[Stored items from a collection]
▬▬▬
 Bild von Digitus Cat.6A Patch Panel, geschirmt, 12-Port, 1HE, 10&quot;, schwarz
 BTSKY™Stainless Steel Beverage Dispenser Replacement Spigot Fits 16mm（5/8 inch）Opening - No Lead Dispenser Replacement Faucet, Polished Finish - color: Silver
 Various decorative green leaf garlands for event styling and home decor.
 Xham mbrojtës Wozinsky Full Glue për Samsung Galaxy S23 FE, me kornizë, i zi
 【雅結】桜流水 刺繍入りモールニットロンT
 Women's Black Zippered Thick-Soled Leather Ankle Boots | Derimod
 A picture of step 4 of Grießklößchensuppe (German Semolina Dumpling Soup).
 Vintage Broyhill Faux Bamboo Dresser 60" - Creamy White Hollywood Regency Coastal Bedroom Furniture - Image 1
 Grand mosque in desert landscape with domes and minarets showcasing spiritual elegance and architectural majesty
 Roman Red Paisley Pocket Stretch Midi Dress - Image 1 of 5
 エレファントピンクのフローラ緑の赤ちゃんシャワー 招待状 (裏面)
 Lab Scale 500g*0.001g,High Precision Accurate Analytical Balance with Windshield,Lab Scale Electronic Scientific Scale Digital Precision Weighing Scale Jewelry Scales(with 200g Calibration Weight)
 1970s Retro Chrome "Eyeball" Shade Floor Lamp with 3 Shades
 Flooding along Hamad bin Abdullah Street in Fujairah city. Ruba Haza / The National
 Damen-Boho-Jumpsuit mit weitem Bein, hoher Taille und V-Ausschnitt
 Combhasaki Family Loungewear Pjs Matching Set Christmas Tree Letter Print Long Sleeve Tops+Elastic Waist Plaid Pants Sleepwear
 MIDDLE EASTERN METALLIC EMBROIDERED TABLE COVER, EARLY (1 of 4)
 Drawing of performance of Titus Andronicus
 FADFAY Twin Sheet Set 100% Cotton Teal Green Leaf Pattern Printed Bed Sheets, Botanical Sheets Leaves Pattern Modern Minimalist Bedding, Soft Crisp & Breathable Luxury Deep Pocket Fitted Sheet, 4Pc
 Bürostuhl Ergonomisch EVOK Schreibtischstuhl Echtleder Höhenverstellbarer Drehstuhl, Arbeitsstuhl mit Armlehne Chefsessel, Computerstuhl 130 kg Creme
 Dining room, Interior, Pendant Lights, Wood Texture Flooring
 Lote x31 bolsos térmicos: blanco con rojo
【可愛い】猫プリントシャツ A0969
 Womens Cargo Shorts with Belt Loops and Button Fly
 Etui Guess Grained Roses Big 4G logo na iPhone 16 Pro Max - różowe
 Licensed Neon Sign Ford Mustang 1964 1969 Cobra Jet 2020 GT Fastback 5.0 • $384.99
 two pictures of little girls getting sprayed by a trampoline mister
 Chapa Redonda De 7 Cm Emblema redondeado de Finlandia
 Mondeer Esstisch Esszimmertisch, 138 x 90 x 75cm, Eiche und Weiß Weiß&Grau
▬▬▬
_Directions_:
Scan the data above, find each line with "Pocket", and copy it.

_Your solution_:
 Roman Red Paisley Pocket Stretch Midi Dress - Image 1 of 5
 FADFAY Twin Sheet Set 100% Cotton Teal Green Leaf Pattern Printed Bed Sheets, Botanical Sheets Leaves Pattern Modern Minimalist Bedding, Soft Crisp & Breathable Luxury Deep Pocket Fitted Sheet, 4Pc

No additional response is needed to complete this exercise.